What to produce → The response should be the lines of the data, starting at the first and ending at the one that contains "Lachtal ski tour", copied without change.

(Beginning of Data provided)

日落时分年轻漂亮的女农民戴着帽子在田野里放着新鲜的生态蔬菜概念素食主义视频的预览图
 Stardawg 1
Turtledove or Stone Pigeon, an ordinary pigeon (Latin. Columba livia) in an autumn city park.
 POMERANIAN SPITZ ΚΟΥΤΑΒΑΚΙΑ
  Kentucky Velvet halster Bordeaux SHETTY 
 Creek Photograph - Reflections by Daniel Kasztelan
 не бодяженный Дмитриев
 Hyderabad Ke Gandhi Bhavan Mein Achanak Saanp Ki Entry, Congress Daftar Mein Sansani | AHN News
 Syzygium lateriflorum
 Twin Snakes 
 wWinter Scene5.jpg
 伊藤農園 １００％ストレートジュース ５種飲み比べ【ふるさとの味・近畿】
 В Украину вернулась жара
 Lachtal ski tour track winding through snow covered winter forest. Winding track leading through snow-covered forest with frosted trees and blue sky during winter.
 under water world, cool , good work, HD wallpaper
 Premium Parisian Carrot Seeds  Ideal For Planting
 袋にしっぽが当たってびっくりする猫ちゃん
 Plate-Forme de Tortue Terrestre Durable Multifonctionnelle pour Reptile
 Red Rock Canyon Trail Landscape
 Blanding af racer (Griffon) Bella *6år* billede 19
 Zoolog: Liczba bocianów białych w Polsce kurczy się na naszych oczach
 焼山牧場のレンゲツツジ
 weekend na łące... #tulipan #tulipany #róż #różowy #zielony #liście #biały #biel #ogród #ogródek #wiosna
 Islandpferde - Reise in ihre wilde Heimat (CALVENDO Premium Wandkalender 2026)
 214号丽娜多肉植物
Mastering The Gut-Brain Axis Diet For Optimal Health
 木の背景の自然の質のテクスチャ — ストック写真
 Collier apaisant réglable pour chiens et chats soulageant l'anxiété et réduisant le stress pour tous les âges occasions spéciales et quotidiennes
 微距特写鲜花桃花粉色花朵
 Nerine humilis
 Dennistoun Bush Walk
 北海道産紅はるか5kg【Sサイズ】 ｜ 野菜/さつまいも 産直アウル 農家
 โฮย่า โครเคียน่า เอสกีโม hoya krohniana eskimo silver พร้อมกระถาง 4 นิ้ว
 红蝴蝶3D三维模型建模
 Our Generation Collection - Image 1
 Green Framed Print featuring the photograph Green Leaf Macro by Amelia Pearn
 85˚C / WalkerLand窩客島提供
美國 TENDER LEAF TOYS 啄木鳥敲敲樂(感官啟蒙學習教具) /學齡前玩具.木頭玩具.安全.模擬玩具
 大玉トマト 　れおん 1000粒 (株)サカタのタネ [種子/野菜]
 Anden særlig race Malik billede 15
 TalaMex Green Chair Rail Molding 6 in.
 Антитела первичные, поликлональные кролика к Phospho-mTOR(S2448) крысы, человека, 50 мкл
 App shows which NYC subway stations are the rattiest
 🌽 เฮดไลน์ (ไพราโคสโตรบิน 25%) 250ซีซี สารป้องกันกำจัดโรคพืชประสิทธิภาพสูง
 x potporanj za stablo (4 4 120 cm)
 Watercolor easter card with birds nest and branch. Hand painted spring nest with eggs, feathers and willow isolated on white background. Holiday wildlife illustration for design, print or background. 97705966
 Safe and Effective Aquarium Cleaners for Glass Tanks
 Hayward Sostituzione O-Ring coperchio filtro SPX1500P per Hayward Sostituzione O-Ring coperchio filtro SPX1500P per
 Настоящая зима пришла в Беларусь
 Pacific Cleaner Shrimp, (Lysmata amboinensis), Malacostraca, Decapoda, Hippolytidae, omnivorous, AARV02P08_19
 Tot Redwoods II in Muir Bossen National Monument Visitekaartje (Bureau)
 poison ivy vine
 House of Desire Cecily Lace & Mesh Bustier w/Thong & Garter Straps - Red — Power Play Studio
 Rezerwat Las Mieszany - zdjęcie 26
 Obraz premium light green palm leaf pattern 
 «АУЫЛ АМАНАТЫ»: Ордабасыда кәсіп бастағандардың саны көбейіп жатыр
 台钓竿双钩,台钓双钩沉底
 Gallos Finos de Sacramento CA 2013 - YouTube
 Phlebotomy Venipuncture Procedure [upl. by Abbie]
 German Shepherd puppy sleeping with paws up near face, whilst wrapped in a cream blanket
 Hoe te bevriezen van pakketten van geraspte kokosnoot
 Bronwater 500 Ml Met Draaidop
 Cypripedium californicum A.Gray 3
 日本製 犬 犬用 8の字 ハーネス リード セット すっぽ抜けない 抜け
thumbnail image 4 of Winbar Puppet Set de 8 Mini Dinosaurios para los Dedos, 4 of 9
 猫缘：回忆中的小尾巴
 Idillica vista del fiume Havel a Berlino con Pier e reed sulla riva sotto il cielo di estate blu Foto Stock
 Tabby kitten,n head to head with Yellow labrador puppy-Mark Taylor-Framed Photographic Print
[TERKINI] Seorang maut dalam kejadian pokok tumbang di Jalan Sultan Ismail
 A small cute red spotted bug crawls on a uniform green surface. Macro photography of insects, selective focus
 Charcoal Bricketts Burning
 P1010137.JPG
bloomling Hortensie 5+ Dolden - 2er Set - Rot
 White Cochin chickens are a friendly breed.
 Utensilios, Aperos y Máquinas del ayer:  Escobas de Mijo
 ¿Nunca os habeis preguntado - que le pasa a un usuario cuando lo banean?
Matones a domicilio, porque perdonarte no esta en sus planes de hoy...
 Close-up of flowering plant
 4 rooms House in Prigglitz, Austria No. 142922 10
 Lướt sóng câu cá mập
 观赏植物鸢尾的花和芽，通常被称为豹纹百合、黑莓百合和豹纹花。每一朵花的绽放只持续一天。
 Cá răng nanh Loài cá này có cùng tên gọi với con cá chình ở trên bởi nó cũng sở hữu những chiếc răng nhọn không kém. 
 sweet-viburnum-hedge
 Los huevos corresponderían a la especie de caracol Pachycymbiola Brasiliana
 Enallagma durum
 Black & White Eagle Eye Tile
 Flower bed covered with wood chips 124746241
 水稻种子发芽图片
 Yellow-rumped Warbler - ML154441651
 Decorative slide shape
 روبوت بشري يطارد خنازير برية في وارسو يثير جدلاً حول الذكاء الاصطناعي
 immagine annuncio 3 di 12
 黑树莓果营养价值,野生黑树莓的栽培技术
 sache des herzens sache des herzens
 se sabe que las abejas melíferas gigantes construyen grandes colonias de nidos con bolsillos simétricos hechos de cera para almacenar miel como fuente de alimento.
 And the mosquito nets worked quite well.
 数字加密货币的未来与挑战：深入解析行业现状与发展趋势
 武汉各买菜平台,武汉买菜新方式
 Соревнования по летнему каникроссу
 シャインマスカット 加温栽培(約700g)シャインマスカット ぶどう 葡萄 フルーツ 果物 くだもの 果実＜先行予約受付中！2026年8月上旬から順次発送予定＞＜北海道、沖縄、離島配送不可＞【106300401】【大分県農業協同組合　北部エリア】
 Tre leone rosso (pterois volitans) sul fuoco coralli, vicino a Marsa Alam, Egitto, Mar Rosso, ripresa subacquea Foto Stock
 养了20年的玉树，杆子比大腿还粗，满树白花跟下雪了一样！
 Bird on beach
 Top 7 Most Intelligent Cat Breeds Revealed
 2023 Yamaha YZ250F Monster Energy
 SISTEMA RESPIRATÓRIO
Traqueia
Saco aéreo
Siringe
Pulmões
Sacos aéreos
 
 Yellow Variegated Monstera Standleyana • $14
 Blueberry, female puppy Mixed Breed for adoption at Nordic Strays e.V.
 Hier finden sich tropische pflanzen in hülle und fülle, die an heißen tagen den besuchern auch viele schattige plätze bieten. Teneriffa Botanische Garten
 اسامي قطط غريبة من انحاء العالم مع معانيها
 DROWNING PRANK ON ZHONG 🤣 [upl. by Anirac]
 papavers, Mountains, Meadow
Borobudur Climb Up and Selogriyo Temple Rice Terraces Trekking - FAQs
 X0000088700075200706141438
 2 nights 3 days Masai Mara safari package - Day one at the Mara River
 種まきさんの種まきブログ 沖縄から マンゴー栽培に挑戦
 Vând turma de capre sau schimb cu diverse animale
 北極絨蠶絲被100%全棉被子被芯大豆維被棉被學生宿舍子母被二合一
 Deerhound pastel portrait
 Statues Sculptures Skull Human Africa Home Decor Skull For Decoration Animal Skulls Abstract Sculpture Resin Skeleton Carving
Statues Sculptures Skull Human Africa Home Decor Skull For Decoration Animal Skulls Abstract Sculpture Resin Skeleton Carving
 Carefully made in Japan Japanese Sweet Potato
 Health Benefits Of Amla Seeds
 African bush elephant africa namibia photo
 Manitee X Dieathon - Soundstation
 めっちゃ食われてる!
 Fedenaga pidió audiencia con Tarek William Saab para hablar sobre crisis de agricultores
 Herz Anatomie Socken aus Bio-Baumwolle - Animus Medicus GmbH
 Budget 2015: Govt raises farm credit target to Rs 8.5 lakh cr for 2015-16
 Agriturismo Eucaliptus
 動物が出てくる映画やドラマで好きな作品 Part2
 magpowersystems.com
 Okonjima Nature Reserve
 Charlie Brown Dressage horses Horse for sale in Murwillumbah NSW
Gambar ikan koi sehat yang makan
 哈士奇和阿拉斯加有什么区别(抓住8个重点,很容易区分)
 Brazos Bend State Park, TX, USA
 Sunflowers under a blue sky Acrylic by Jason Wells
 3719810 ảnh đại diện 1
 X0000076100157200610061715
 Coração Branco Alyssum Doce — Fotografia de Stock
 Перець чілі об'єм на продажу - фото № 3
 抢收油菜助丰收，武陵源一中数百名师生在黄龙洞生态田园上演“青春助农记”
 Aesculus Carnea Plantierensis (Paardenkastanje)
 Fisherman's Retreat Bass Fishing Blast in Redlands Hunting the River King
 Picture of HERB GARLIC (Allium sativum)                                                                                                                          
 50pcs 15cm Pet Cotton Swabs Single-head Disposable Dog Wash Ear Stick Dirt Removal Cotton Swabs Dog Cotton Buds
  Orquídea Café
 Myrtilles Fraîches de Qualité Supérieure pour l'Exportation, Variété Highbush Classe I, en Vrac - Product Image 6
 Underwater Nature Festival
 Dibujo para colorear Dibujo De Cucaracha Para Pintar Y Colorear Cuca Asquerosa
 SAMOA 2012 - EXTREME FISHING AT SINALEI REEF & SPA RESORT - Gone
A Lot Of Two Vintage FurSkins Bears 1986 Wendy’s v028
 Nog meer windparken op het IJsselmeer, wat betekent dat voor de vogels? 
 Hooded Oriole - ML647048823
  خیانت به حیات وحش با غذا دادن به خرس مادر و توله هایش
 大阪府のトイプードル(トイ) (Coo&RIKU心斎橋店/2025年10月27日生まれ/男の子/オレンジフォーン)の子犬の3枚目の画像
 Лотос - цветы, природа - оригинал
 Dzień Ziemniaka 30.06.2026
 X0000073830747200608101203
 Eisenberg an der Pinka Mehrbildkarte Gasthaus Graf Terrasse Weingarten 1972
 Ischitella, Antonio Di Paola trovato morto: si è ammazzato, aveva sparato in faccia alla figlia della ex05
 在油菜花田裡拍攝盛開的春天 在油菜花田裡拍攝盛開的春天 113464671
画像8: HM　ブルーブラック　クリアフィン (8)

(End of Data provided)

Answer section →
日落时分年轻漂亮的女农民戴着帽子在田野里放着新鲜的生态蔬菜概念素食主义视频的预览图
 Stardawg 1
Turtledove or Stone Pigeon, an ordinary pigeon (Latin. Columba livia) in an autumn city park.
 POMERANIAN SPITZ ΚΟΥΤΑΒΑΚΙΑ
  Kentucky Velvet halster Bordeaux SHETTY 
 Creek Photograph - Reflections by Daniel Kasztelan
 не бодяженный Дмитриев
 Hyderabad Ke Gandhi Bhavan Mein Achanak Saanp Ki Entry, Congress Daftar Mein Sansani | AHN News
 Syzygium lateriflorum
 Twin Snakes 
 wWinter Scene5.jpg
 伊藤農園 １００％ストレートジュース ５種飲み比べ【ふるさとの味・近畿】
 В Украину вернулась жара
 Lachtal ski tour track winding through snow covered winter forest. Winding track leading through snow-covered forest with frosted trees and blue sky during winter.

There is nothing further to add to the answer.